How did John Roberts get appointed to SCOTUS Chief Justice with a long history of epileptic seizures, brain surgeries and falls?!

by Neil Osterweil, Senior Associate Editor, MedPage Today

ROCKPORT, Me., July 31 — With two seizures in his medical history, the latest yesterday, Supreme Court Chief Justice John G. Roberts Jr., has a greater than 50% risk for a third, and may require antiepileptic drugs, specialists said today.

The second event, 14 years after the first, was suffered by Roberts at his summer home in Port Clyde, about 50 miles from here, and was classified by physicians as idiopathic and “benign.”

But one epilepsy authority pointed out that no seizure is truly benign, and rather than idiopathic, the event might be better characterized as cryptogenic.

Roberts, 52, spent the night at the hospital and was discharged today after a neurologic workup.

Action Points

  • Explain to patients that adult-onset seizures may have many causes, including brain injury, fever, infections, or reactions to medication.
  • Explain that many patients with epilepsy experience good control with medications or, in more severe cases, surgery.

Having had two known unprovoked seizures, his risk for a third is high, said epilepsy specialist Jacqueline French, M.D., on behalf of the American Academy of Neurology. She put the risk at greater than 50%.

The use of the term “idiopathic” also implies that the source of Robert’s seizures is thought to be genetic, which is unlikely, given that his first seizure occurred when he was 38, long past the age when epilepsy of genetic origin would become manifest, said Dr. French, a professor of neurology and co-director of the epilepsy center at the University of Pennsylvania.

“In an adult, the likelihood of a genetic source is low — it’s not zero, but it’s low,” said Dr. French in an interview. “But if there’s no known source at all we would call it cryptogenic, We don’t know, because it hasn’t been revealed, whether this is a focal onset seizure or a generalized onset seizure. One would have to presume that this is general onset, which is by far the most common kind in adults.”

According to the American Academy of Neurology, nearly two million people in the United States have epilepsy, with an age-adjusted prevalence of 6.8 per 1,000, and the cumulative incidence is 3.1 per 1,000 persons per year.

More than half of all partial onset seizures in adults are cryptogenic. In cases where the seizure origin is known, the problem could be caused by stroke, traumatic brain injury, central nervous system infection, cerebrovascular disease, or other causes.

“Anything that can injure the brain can pretty much result in a seizure disorder,” she said.

Roberts was reported to have had a thorough neurologic workup, which should include MRI and EEG, according to Dr. French. Other sources add CT into the mix as a helpful tool for evaluation.

In addition, because he has experienced two seizures, albeit far apart, his risk for having a third would likely warrant starting him on a mild antiseizure medication, Dr. French said.

Steven Schachter, M.D., of Harvard and Boston’s Beth Israel Deaconess Medical Center, agreed with this medication strategy.

“In general, when the diagnosis is epileptic seizures and there has been a second one, generally the physician weighs the risks vs. benefits of starting a seizure medication, and arrives at a decision on the basis of the circumstances, which could include how often the individual has been having seizures and what is the likelihood of having additional seizures without medication,” Dr. Schachter said in an interview.

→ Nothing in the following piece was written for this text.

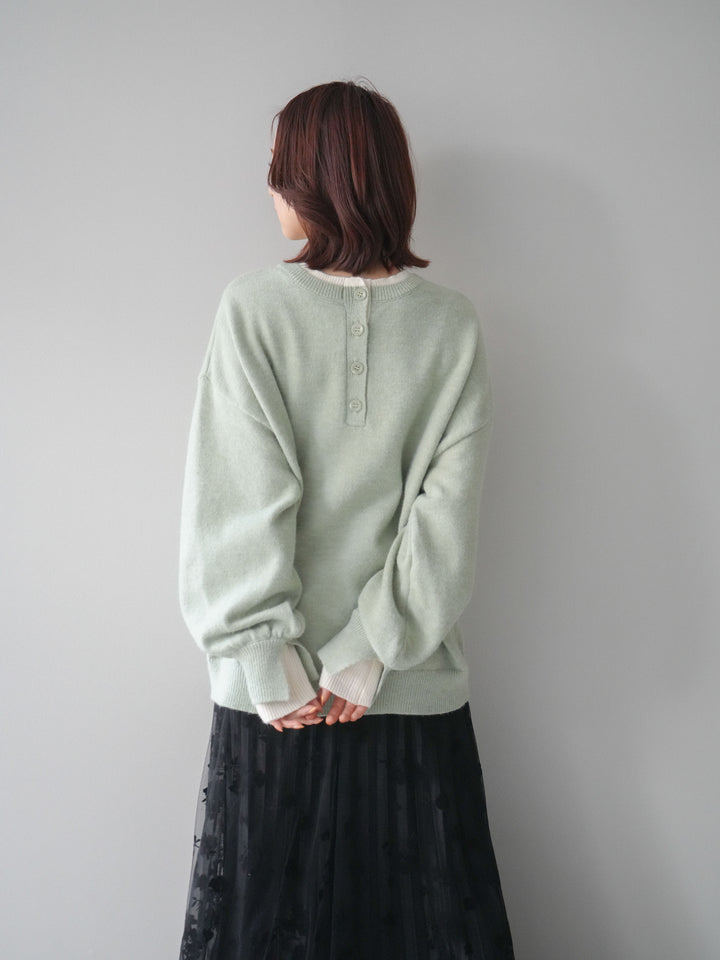 [SET]ヘンリーネック配色レイヤードニットプルオーバー+フラワーフロッキーチュールプリーツスカート(2set)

The AAN guidelines on treatment of new-onset epilepsy includes the following recommendation:

“Patients with newly diagnosed epilepsy who require treatment can be initiated on standard antiepileptic drugs such as carbamazepine, phenytoin [Dilantin], valproic acid [Depakene, Depakote], phenobarbital, or on the new antiepileptic drugs lamotrigine [Lamictal], gabapentin [Neurontin], oxcarbazepine [Trieptal], or topiramate [Topomax]. Choice of antiepileptic drugs will depend on individual patient characteristics.”

The guidelines committee members, led by Dr. French, noted that there was insufficient evidence to determine effectiveness in newly diagnosed primary or secondary generalized epilepsy. Gabapentin is effective in the treatment of newly diagnosed partial epilepsy, and that lamotrigine, topiramate, and oxcarbazepine are effective in a mixed population of newly diagnosed partial and generalized tonic-clonic seizures.

They also found that there were insufficient data to make a recommendation for tiagabine (Gabtril), zonisamide (Zonegran), or levetiracetam [Keppra] in patient with newly diagnosed epilepsy.